### Exercise requirements
Exactly the lines from the line containing "STIHL BR 700" through the final line of the entries below must be returned, and only those, without pictures.

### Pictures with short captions
_ _ _ _ _

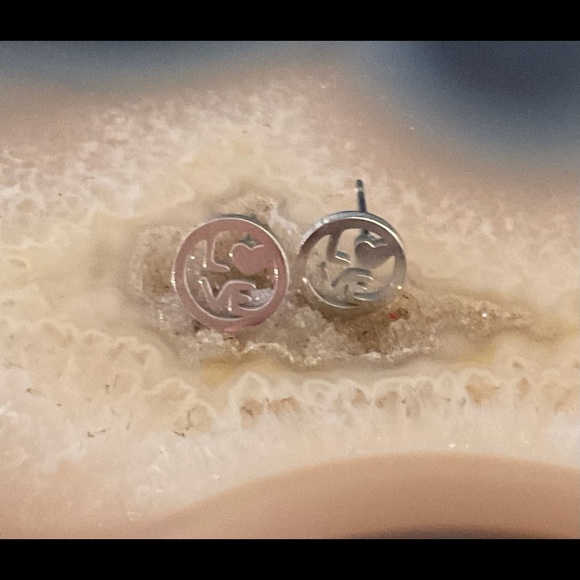 Stainless steel love earrings silver new - Picture 3 of 8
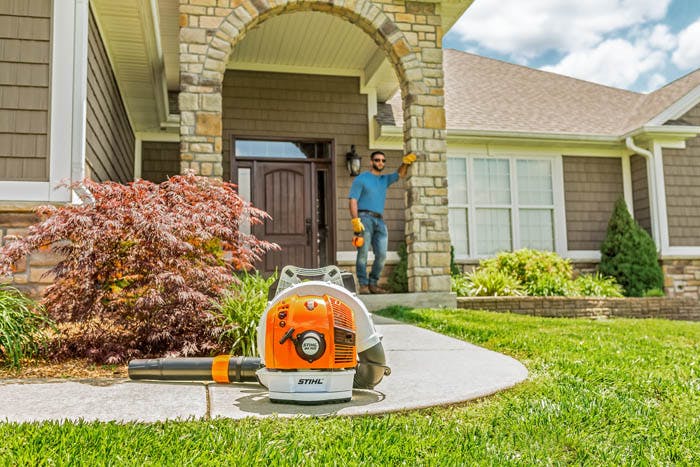 STIHL BR 700 Gas Powered Backpack Leaf Blower (64.8cc) - Image 7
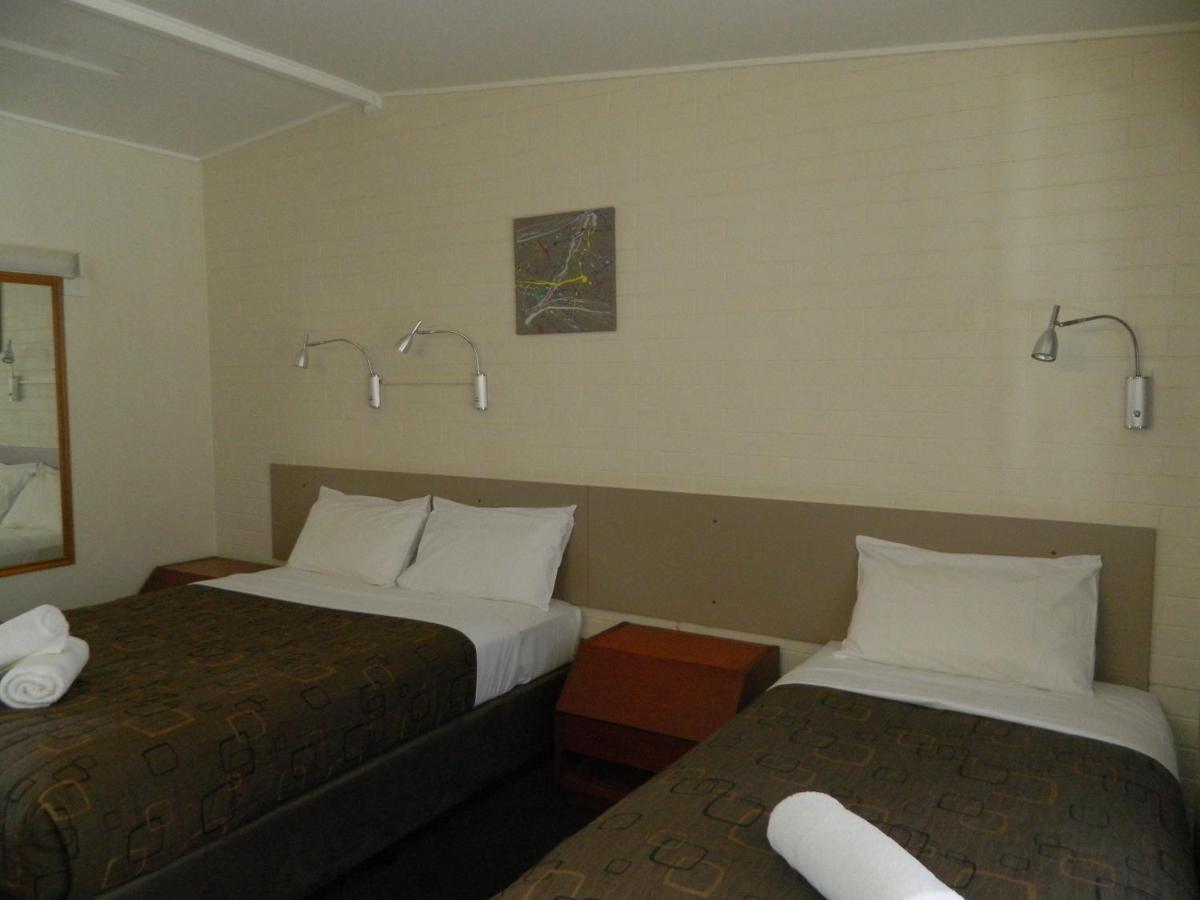 טוומבה Coachman Motel מראה חיצוני תמונה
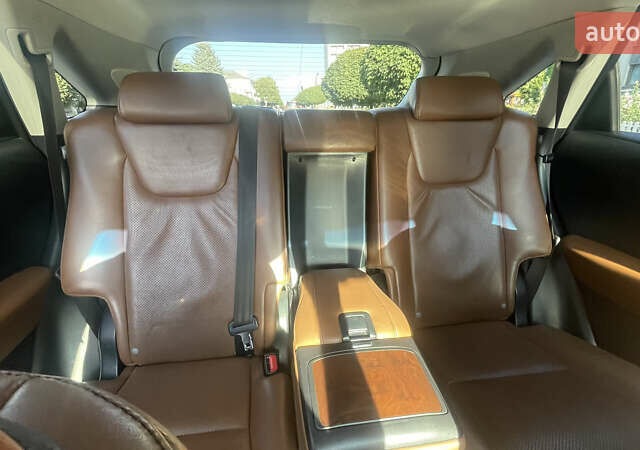 Белый Лексус РХ, объемом двигателя 3.46 л и пробегом 130 тыс. км за 27000 $, фото 14 на Automoto.ua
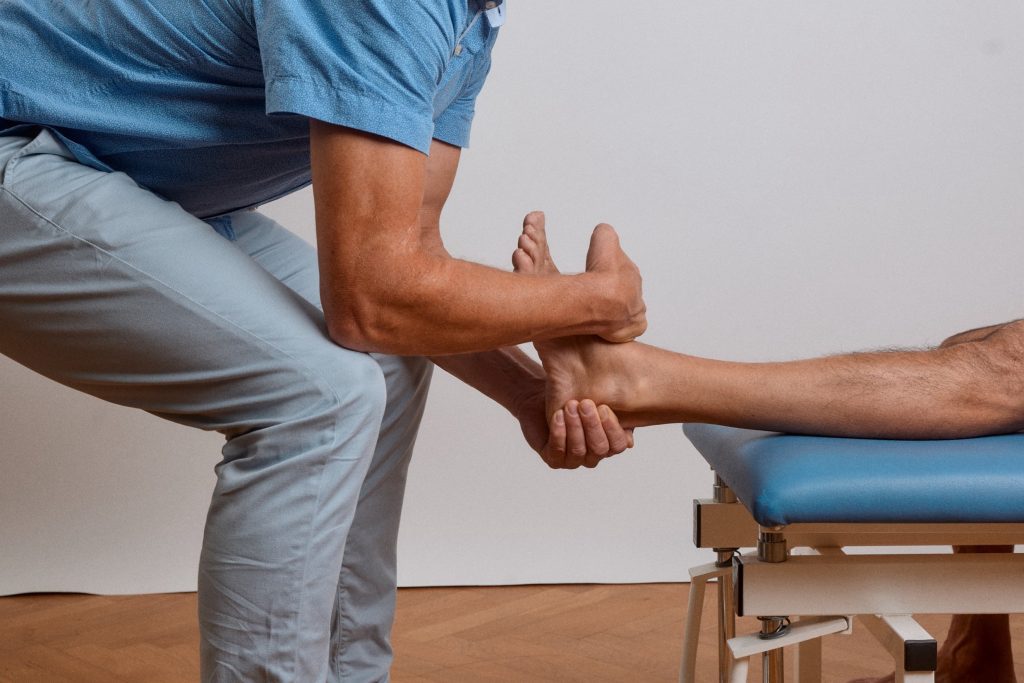 Behandlung des Fußes in einem Kurs für Manuelle Medizin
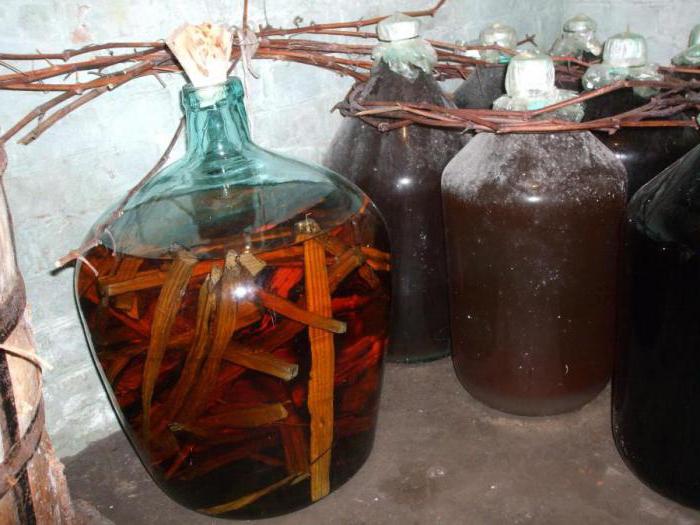 brandy fatto in casa di alcol con prugne secche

_ _ _ _ _

### Written solution
 STIHL BR 700 Gas Powered Backpack Leaf Blower (64.8cc) - Image 7
 טוומבה Coachman Motel מראה חיצוני תמונה
 Белый Лексус РХ, объемом двигателя 3.46 л и пробегом 130 тыс. км за 27000 $, фото 14 на Automoto.ua
 Behandlung des Fußes in einem Kurs für Manuelle Medizin
 brandy fatto in casa di alcol con prugne secche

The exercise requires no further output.